Note that extract_epoch may end up duplicating data. For example, if the animal licked 10 times a second and you were looking at the 3 seconds prior to each lick, your data will overlap, meaning you just duplicated your total data about 1/2 * 3 * 10 = 15 times! This may negatively alter certain computations of the mean in some sense, and in such circumstances, you may want to use the argument allow_data_duplication=False for signal.extract_epoch().

How do I use epoch info from two different signals in the same recording?

Like signal objects, recording objects offer mask_epoch and extract_epoch methods. However, you still need to combine the epochs manually. In the above examples, we assumed that a single signal will contain information about both the stimulus and whether the animal licked or not. However, that may not always be the case. Perhaps the “stimulus” signal will contain information about the stimulus and trials while the “lick” signal will contain information about the lick epochs (i.e., how the animal responded). For example, if we want to find anytim the animal blinked or licked and treat those as artifacts and mask the full recording when they occured).

# The recording version of `get_epoch_bounds` takes the signal name as the
# first argument and epoch name as the second argument.
lick_epoch = recording.get_epoch_bounds('lick', 'Licking')
blink_epoch = recording.get_epoch_bounds('pupil', 'blinks')

all_artifacts = epochs_union(blink_epoch, lick_epoch)
recording.mask_signals(all_artifacts)

Epoch naming

Be descriptive. If you give a stimulus a unique name, then when it occurs in other Recordings, you can simply concatenate the two recordings and still select exactly the same data.

Avoid implicit indexes like trial1, trial2, trial3; prefer using just trial and the folding functionality of .fold_by('trial'), which gives you a matrix. If you have truly different stimuli, you may named them stim01, stim02, but descriptive names like cookoo_bird.wav, and train_horn.wav are better.

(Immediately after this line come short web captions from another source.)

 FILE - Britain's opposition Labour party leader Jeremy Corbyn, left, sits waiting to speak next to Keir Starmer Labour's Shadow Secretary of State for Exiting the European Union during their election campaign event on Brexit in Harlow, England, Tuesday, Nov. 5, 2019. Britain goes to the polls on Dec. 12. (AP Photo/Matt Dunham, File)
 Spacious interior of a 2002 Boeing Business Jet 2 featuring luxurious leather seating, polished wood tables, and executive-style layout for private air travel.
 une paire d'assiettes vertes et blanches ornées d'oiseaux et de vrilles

Remember that the idea behind epochs is to tag the content of data, much like HTML marks up text to tell what it is. It’s totally fine to tag the exact same epoch with multiple names, if that will help you perform queries on it later.

What happens with zero-length epochs?

Zero-length epochs are events. They work best with epochs_contain:

trials = signal.get_epochs('Trial')

# Assume a laser is an event (i.e., a zero-length epoch)
laser_pulse = signal.get_epochs('Laser')

laser_trials = epochs_contain(trials, laser_pulse, mode='start')

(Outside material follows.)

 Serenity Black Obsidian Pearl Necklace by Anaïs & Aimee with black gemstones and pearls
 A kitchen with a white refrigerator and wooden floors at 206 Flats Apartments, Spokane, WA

They will not work with set operations.

Cross-validation and Jackknifes

from nems0.data.epochs import jacknife_epochs
stim = recording.get_signal('stim')
trials = stim.get_epochs('trials')

# Generate 20 jacknife sets
jacknifed_trials = jacknife_epochs(n=20)

results = []
for jacknife in jacknifed_trials:
    est = recording.mask_epochs(jacknife)
    val = recording.select_epochs(jacknife)
    result = fit_model(est, val, model)
    result.append(result)

plot_result(result)
publish_paper(result)